In the memo, McNeill accuses Utah Power of "grossly overstating" the cost of placing power lines underground in its initial contacts with the city, and says the company "may well be manipulating other figures and information."
Because the city has an ordinance requiring all electrical lines on new projects to be placed underground, McNeill states, all such costs associated with the substation lines should be paid by Utah Power.
"The customers are requesting that this go underground and are even willing to pay a differential as part of a monthly bill, and Utah Power and Light does not want to have anything that would make it seem like rates are higher," McNeill said Wednesday. "Utah Power and Light ought to collect that, not Sandy. I don't think Sandy should be the middle man."
McNeill, Mayor Tom Dolan, three other city officials and two Utah Power representatives met Dec. 21 in another attempt to iron out the differences. McNeill said so little was accomplished that another meeting scheduled for this week was called off.

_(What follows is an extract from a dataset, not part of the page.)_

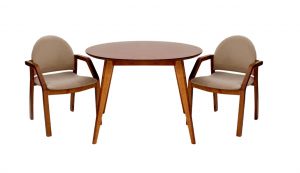Стол Сканди К 100 орех со стульями Джуно орех велюр бежевый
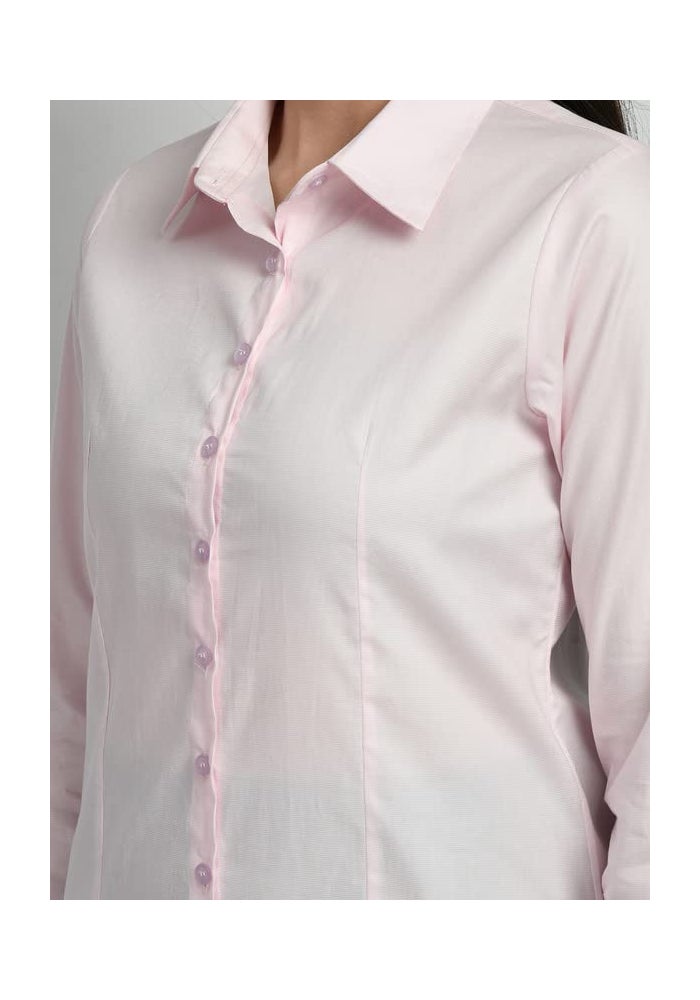 Exude Pink Solid Formal Shirt for Women - Image 2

But Utah Power representatives said Thursday the negotiations are alive and well.
"I don't think Utah Power is ready to close any doors on this subject of undergrounding," said company spokesman David Eskelsen. "But we think we're on really firm philosophical grounds as far as those benefiting from the undergrounding of a section of line ought to pay that difference."
Jack Peck, who has spearheaded the negotiations for Utah Power, said he spoke with Dolan Wednesday evening. Peck said he is optimistic an acceptable method of paying for the underground installation can be discovered.
"We're still required by the Public Service Commission to ask for whoever is requesting any increase in our standard overhead practice to pay that cost differential," Peck said.
If the company agreed to charge its Dimple Dell-area customers an additional monthly fee to pay for underground lines, "we'd be basically breaking the law," he said.
Peck said the city and company have been meeting monthly, sometimes weekly, since April when the Salt Lake County Commission granted Utah Power a permit for the substation. That approval was given with one condition: that the two entities come to an agreement on how the lines would be placed and who would pay the costs.
Dale Ash, a member of a local citizens group that has monitored the issue, said Wednesday he agrees with McNeill's recommendation.
"We need a power company that cares about the citizens' concerns as much as they do their own concerns and we don't have that right now," he said. "The best thing the city could do, from my perspective, is go municipal."
The proposed substation would be located at 1929 E. Dimple Dell Road, with lines connecting it to the Dumas substation, 12300 S. 1000 East, and the Alta View Substation, 1250 E. 9400 South. Utah Power has proposed to string the lines on 80-foot steel poles.